Caption-style text data
══════════

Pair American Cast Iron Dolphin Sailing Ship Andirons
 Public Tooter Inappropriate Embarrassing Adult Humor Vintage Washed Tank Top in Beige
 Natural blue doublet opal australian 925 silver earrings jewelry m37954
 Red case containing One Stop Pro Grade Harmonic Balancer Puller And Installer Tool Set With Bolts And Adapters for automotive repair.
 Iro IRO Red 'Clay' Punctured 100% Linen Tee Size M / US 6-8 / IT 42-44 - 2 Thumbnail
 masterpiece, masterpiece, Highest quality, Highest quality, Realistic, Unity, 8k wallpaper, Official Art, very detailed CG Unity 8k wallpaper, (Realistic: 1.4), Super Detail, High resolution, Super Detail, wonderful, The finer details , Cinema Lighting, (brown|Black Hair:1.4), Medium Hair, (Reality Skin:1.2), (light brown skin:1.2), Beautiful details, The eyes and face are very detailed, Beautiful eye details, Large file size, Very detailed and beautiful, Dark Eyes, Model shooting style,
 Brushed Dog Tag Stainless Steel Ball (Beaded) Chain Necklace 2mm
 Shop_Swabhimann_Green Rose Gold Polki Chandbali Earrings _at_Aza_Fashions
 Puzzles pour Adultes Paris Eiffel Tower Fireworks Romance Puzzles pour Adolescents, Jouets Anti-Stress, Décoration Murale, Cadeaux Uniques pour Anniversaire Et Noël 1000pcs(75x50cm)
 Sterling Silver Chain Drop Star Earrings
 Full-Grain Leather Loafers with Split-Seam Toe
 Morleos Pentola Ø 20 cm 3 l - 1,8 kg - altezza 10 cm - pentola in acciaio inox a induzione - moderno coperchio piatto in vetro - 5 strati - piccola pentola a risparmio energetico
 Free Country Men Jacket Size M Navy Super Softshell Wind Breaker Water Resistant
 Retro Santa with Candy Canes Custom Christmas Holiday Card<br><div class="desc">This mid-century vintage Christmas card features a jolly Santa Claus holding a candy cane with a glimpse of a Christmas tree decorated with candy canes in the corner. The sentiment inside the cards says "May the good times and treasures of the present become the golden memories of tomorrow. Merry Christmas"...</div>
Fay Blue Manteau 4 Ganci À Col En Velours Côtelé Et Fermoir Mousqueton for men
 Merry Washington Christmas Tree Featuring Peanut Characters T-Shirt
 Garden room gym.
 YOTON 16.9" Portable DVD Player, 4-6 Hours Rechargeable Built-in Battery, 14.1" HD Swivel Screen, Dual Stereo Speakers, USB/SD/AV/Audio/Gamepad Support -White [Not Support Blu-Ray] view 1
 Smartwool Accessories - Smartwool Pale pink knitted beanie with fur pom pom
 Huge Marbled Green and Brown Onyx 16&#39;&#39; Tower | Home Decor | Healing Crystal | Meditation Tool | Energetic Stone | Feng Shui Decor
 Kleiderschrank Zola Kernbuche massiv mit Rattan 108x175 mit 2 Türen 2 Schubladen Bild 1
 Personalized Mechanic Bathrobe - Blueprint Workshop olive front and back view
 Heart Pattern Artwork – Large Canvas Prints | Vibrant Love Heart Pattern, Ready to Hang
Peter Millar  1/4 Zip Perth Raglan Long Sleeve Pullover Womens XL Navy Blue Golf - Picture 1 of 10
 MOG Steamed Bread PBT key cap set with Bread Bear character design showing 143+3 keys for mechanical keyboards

══════════

Brief -> I need every line of the data that has the word "view"; please list them.

Solution to the exercise ->
 YOTON 16.9" Portable DVD Player, 4-6 Hours Rechargeable Built-in Battery, 14.1" HD Swivel Screen, Dual Stereo Speakers, USB/SD/AV/Audio/Gamepad Support -White [Not Support Blu-Ray] view 1
 Personalized Mechanic Bathrobe - Blueprint Workshop olive front and back view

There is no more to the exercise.